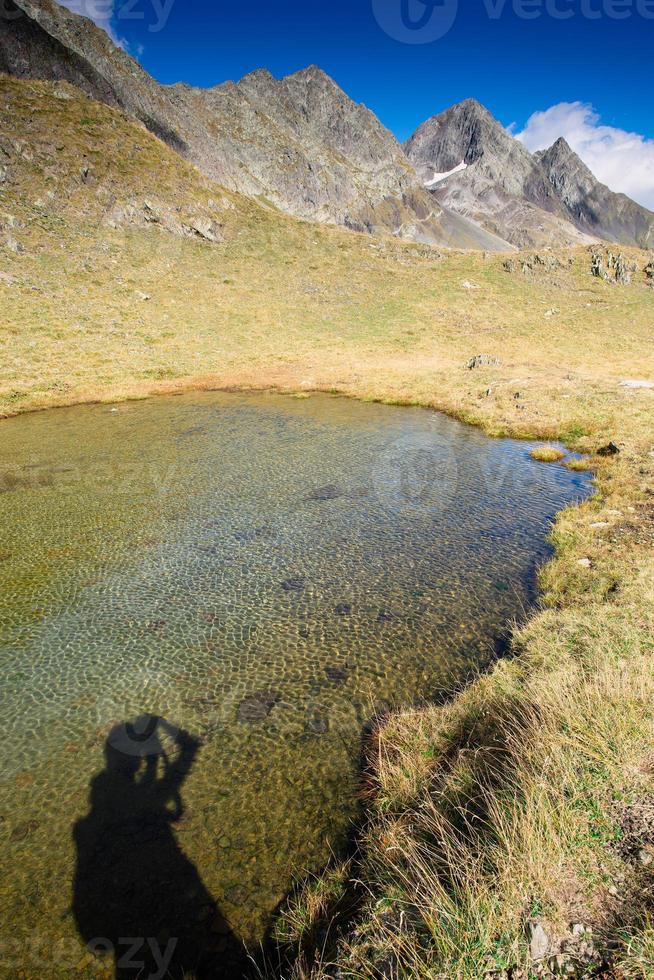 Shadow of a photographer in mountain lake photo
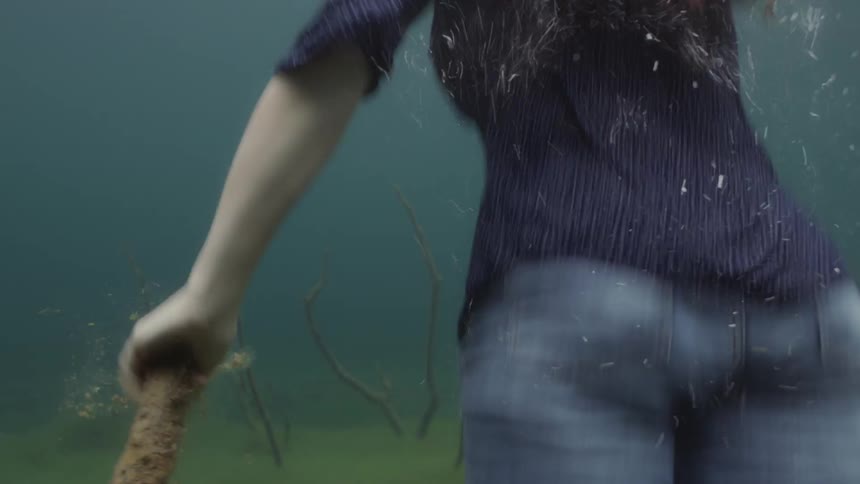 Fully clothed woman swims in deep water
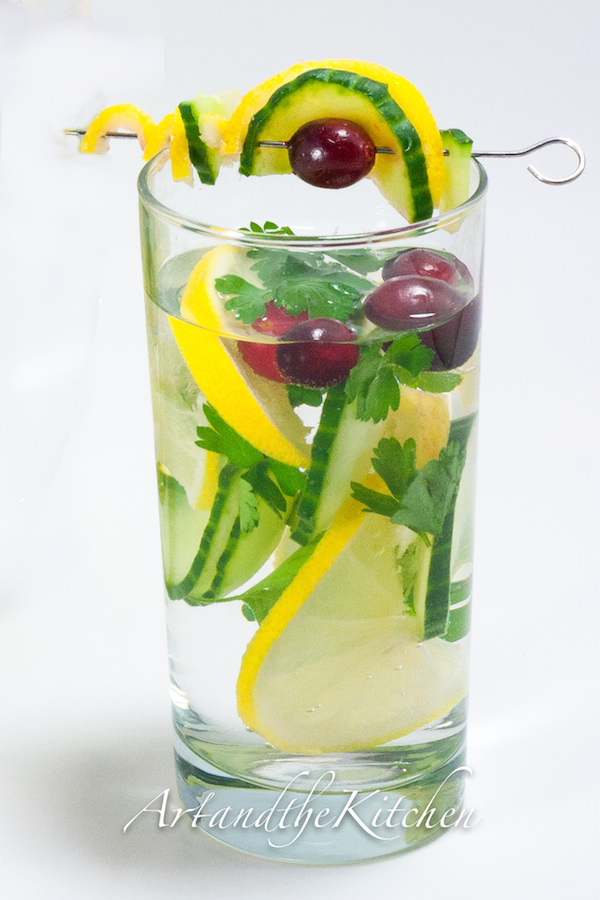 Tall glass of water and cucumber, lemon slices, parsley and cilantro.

THE PROBLEM. The material must be returned exactly, with its pictures omitted.

YOUR RESPONSE.
 Shadow of a photographer in mountain lake photo
 Fully clothed woman swims in deep water
 Tall glass of water and cucumber, lemon slices, parsley and cilantro.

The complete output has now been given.